I have tried several times to solve the following equation and finally, I was failed to complete. Help me to find the solutions of Pell equation $y^2-2x^2 = p^m$, where $p$ is prime and $8|(p-1)$ or $8|(p+1)$.
A waiting the reply.
I have tried several times to solve the following equation and finally, I was failed to complete. Help me to find the solutions of Pell equation $y^2-2x^2 = p^m$, where $p$ is prime and $8|(p-1)$ or $8|(p+1)$.
A waiting the reply.
Since
$ (a^2-2b^2)(c^2-2d^2) = (ac-2bd)^2 - 2(bc-ad)^2 $
it is sufficient to find a solution to $x^2-2y^2 = p$. Since $p\equiv\pm 1\pmod{8}$, $2$ is a quadratic residue $\pmod{p}$, so there is a natural number $a<\frac{p}{2}$ such that $a^2\equiv 2\pmod{p}$ and
$ (\heartsuit)\quad a^2-2 = k p,$
with $k<\frac{p}{4}$. Moreover, every odd prime $q$ that divides $k$ is $\equiv\pm 1\pmod{8}$, because from $(\heartsuit)$ we have that $a$ is a square root of $2\pmod{q}$. We can get rid of the (possible) factor $2$ in $k$: if $k$ is even then $a$ is even too, and:
$ (a-1)^2 - 2\left(\frac{a}{2}-1\right)^2=\frac{1}{2}\left(a^2-2\right).$
So we have:
$ a^2-2b^2 = Qp, $ where $Q$ is a product of primes of the form $8n\pm1$. Let $q$ be one of them, and
$ a_q^2-2 = rq, $
with $r.
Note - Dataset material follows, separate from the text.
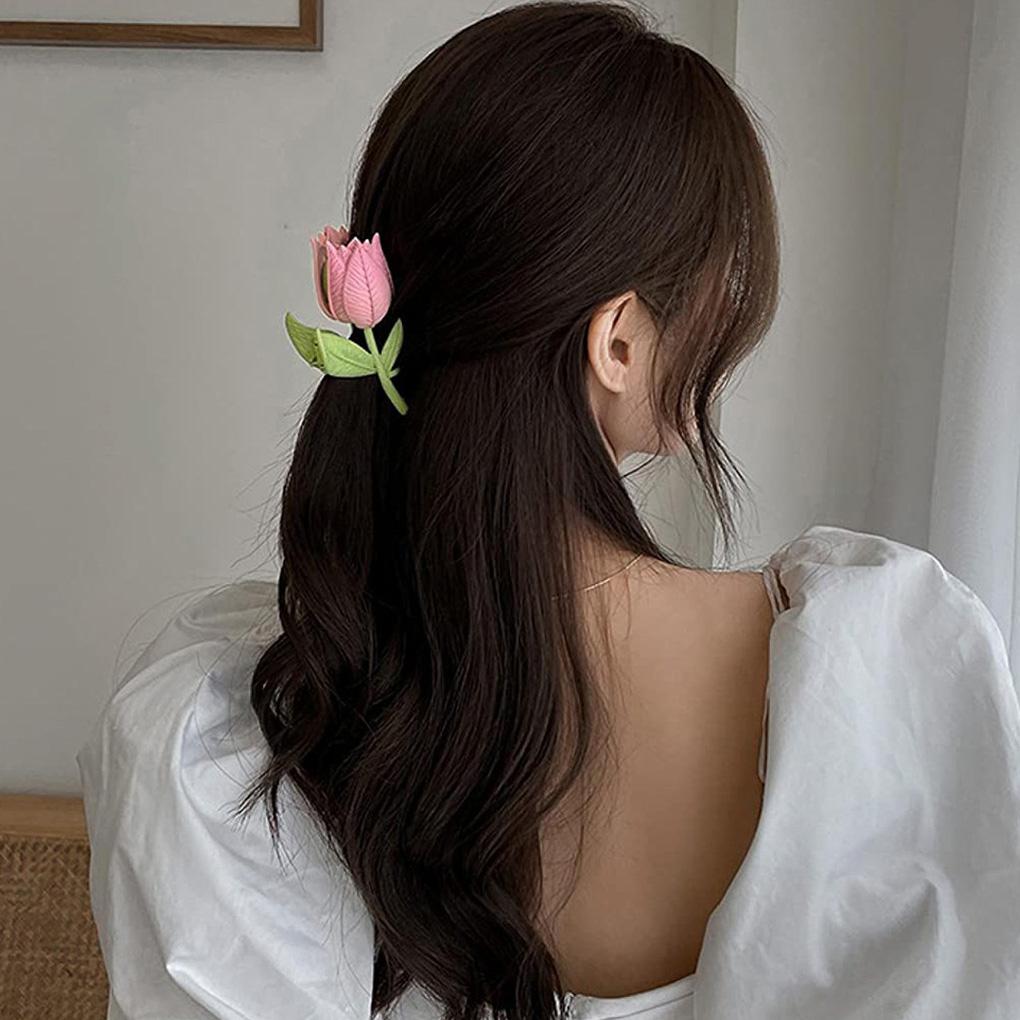 Flower Shaped Hair Claw Clip Wedding Shop Read Hairpin Cooking Non-skid Hairclip Clamp Pocket Headwear for Women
By the initial identity we get:
$ (a a_q-2b)^2-2(b a_q-a)^2 = rqQp, $
but both $(a a_q-2b)$ and $(b a_q-a)$ are divisible by $q$, so:
$ a_*^2 - 2b_*^2 = \left(\frac{a a_q-2b}{q}\right)^2-2\left(\frac{b a_q-a}{q}\right)^2 = r(Q/q)p, $
and we can get rid of any prime factor in Q, simply starting from the greatest. This proves that any prime of the form $8n\pm1$ is represented by the quadratic form $x^2-2y^2$.